Thanks to the Patrick J. McGovern accelerator grant support, we gathered a complete fishery and climate dataset in Mexico. The accelerator grant was critical in putting together the computational infrastructure and the expertise within our organization to analyze all the data. Our Data Lab of the Centro para la Biodiversidad Marina y la Conservación, A.C. (CBMC) analyzed large-scale environmental patterns in the Mexican Pacific and the potential effects climate change has on the industrial fishery. Mainly how the industrial fishery reacted to extreme Marine Heatwaves (MHWs) in the Eastern Pacific, which were reported to be particularly intense.
We were able to reinvent our data pipeline using Amazon Web Services, enhance our computational capabilities, and test Machine Learning (ML) methods applied in a novel way to fisheries. We present our insights on this webpage, which is intended as a dynamic way to showcase results. We will maintain and update this page along with the results of our analysis in the future. The structure of this website is the following:
As a result of our analyses, we advanced our understanding of fishery and climate change, and these were the major insights obtained:
Sea Surface Temperature changed significantly over time, and strong MHWs events occurred more frequently in the area.

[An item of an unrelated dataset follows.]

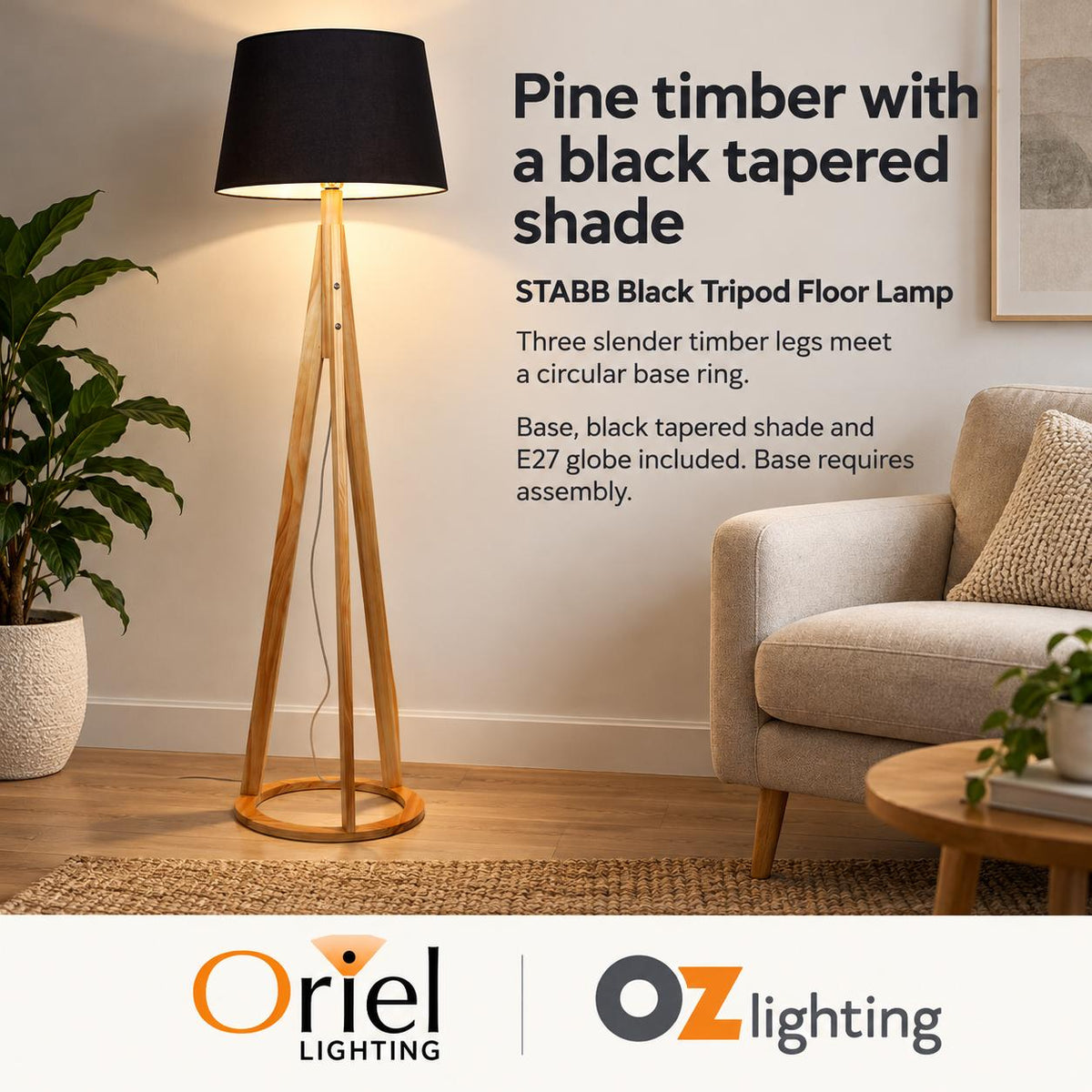 Oriel STABB Tripod Floor Lamp - with Shade-Oriel Lighting-Ozlighting.com.au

The Southern California Current is creating a buffer in front of the Baja California Peninsula, which could represent a key refuge area for species and the last standing pillar of marine productivity in the Mexican Pacific.

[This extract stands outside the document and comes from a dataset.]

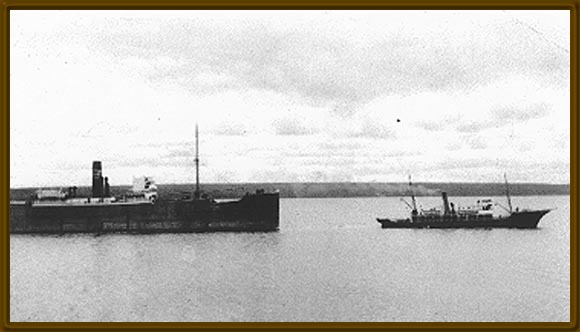 German freighter Christoph V. Doornum being towed into Botwood harbour, Sept. 11, 1939.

Summer in the Mexican Pacific arrives two weeks earlier and ends two weeks later than the historical average.
The catches of the fishing industry operating in the area were significantly affected, with a reduction of 22% [95%CI: -50%, -6%] in average Catch per Unit of Effort (CPUE) during the MHWs event and an overall decreasing trend of 80.7 total CPUE each year in total.
The fishing industry is spatially highly adaptable and is shifting towards high seas and more profitable waters to maintain catches.

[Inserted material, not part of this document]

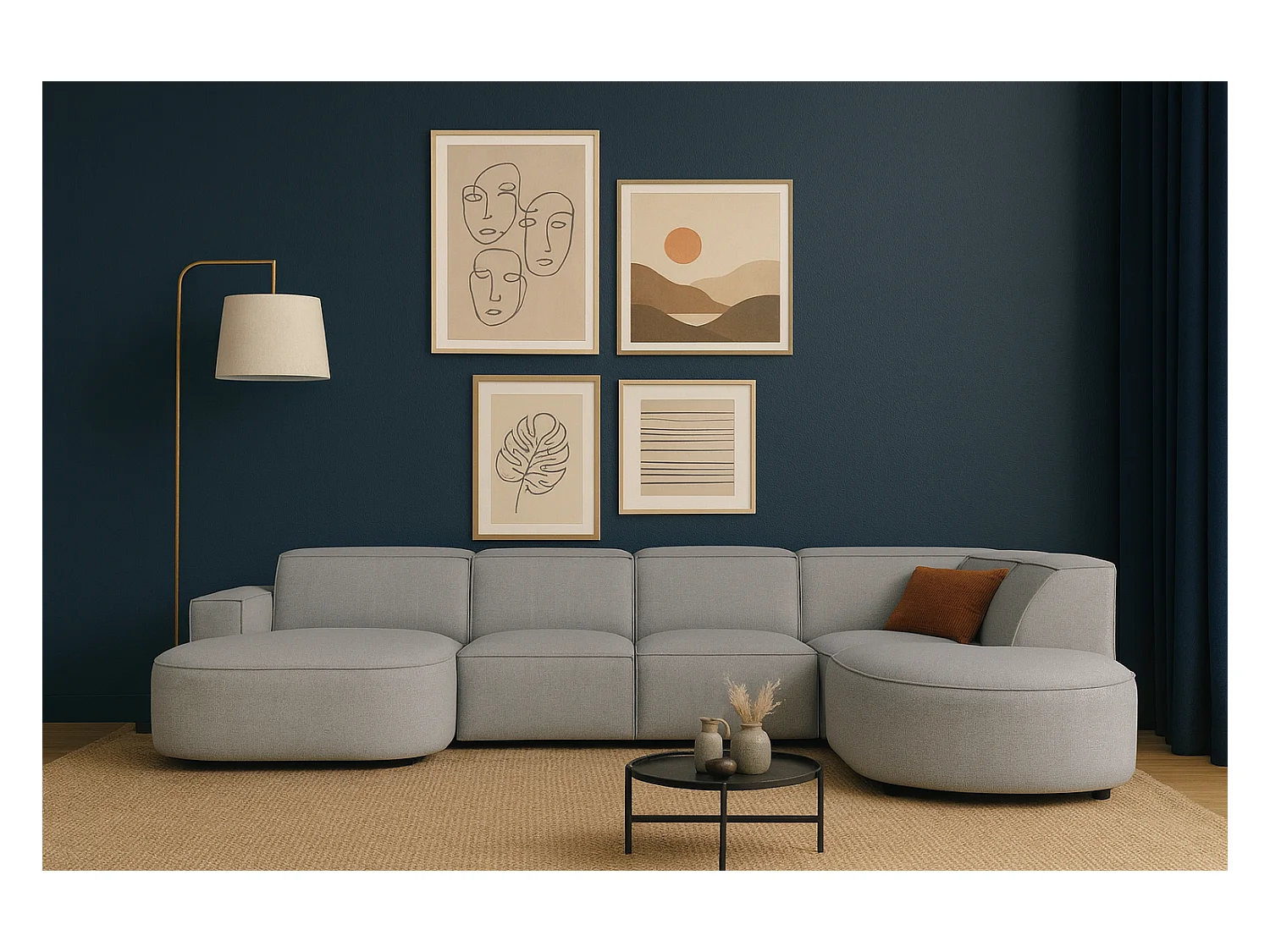 Canapé d’angle modulable CURSAL H – angle gauche,  Raven 7 gris , 364×166/284×70 cm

Our Machine Learning model predicts that a decrease of 0.55 CPUE per year up to 2030.
This data will be critical in monitoring the effects of climate change on the fishing industry; however, large computational capabilities are essential to generate space and time-explicit models to depict a complete picture of the complexity of climate change and industrial fishery. The industrial fishery is modern and highly adaptable, so it can counteract climate change effects by changing fishing areas. However, such displacement has ecological consequences. It might be detrimental to fishery sustainability in the long term as the maintenance of the catch, and the absence of a collapse might be caused to an increase in space use, not to the resilience of the natural system. Fishery management must consider this for a policy if sustainable fisheries are a genuine objective.
Our analysis also underlines the importance of geospatial data like VMS for fishery assessments. We hope more researchers will use our package to download and analyze data to provide further insights.
All data needed to replicate the analysis showcased here can be downloaded from here. Full datasets of permits, landings, and VMS data is available through our R package dafishr.